-- Opening Marker --

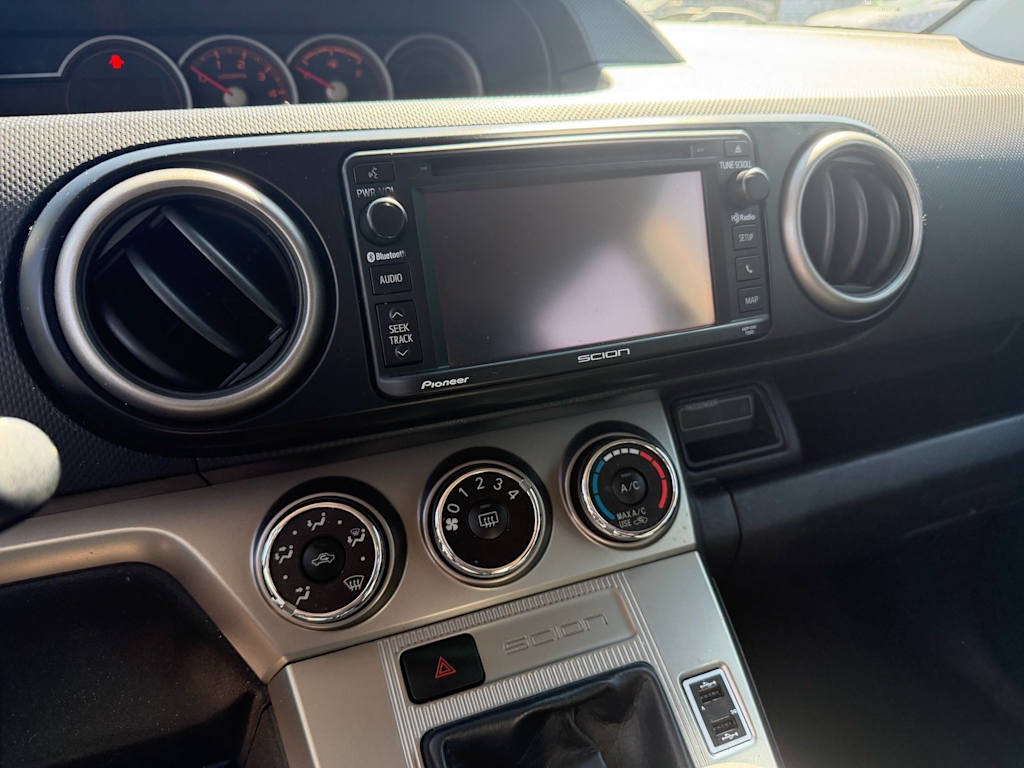 Thumbnail: 2014 Scion xB - 3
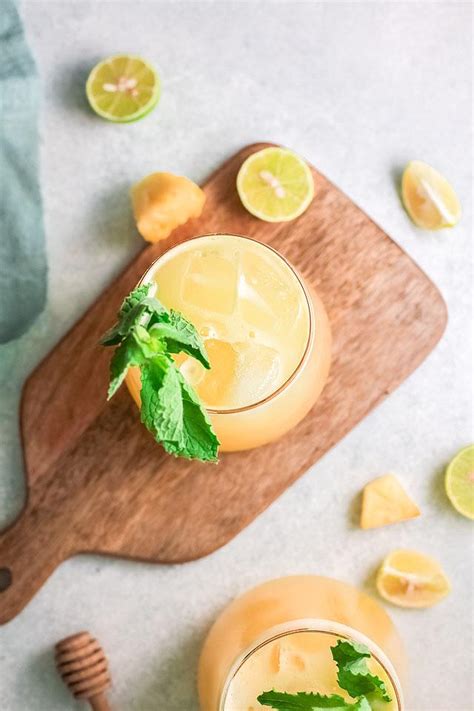 Refreshing Lime Pineapple Agua Fresca Xoxobella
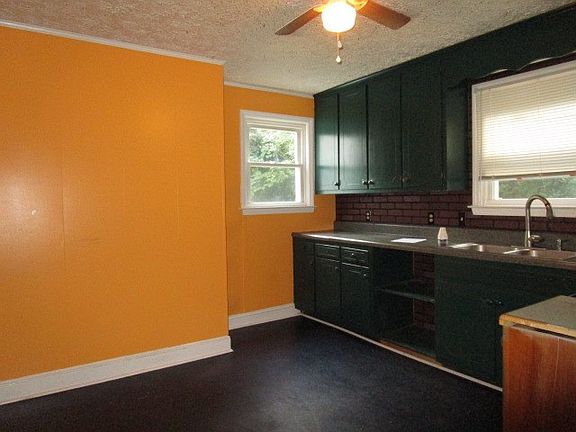 5th image of 1310 Oakgrove Ave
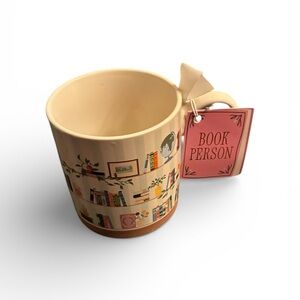 Mug with Bookshelf Design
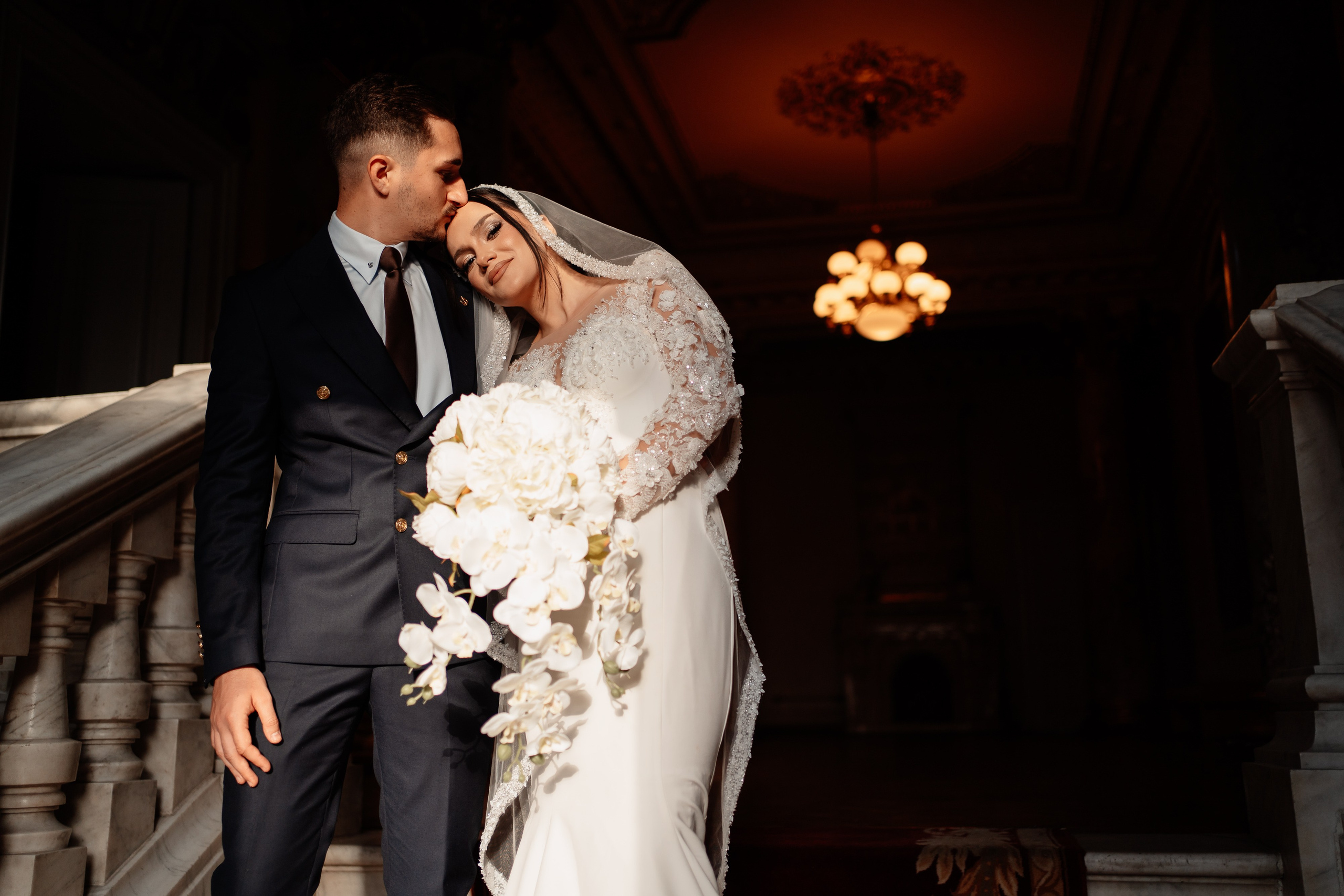 Moment emoționant între miri în ziua nunții, surprins într-un cadru natural și romantic, la Reina Events. Fotografie de nuntă profesională, editată artistic pentru a evidenția emoția și eleganța evenimentului.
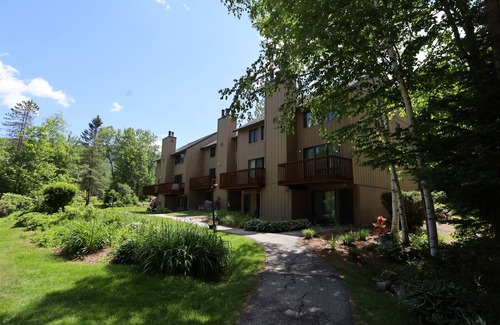 Waterville Valley Condo | Waterville Valley Pet Friendly Vacation Condo close to Community Center! (WHB16V)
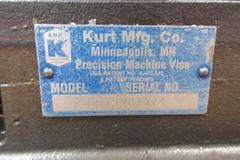 Kurt D675 6" Machine Vise with Hard Jaws and Handle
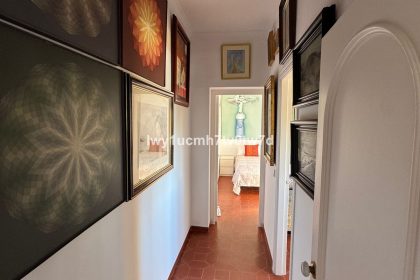 a280f2d48d8477a59a8d6cb0310255af - 24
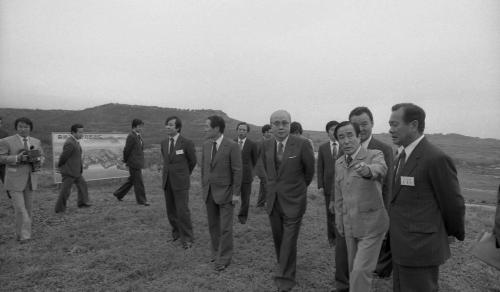 유창순 국무총리 제주도 중문단지 시찰 이미지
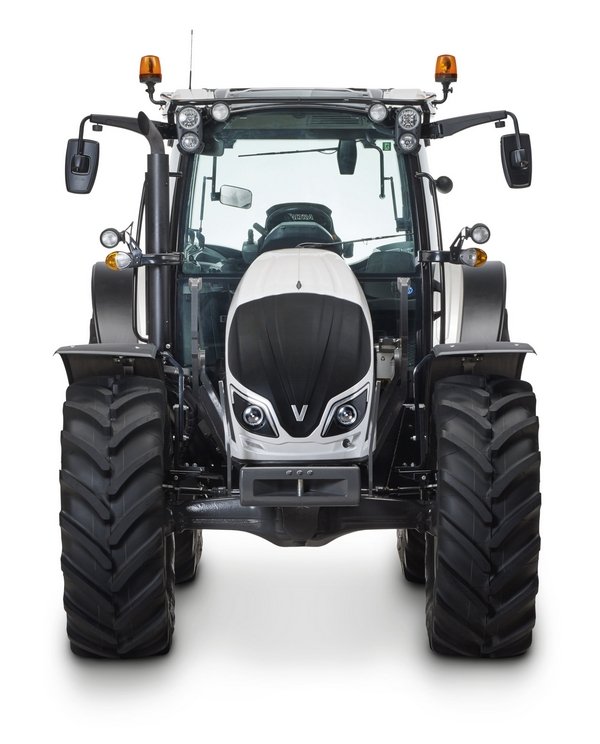 Valtra_A4 front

-- Closing Marker --

Activity => Set down word for word, from the line that contains "a280f2d48d8477a59a8d6cb0310255af - 24" to the end of the listing above, every line and no picture.

Answer space =>
 a280f2d48d8477a59a8d6cb0310255af - 24
 유창순 국무총리 제주도 중문단지 시찰 이미지
 Valtra_A4 front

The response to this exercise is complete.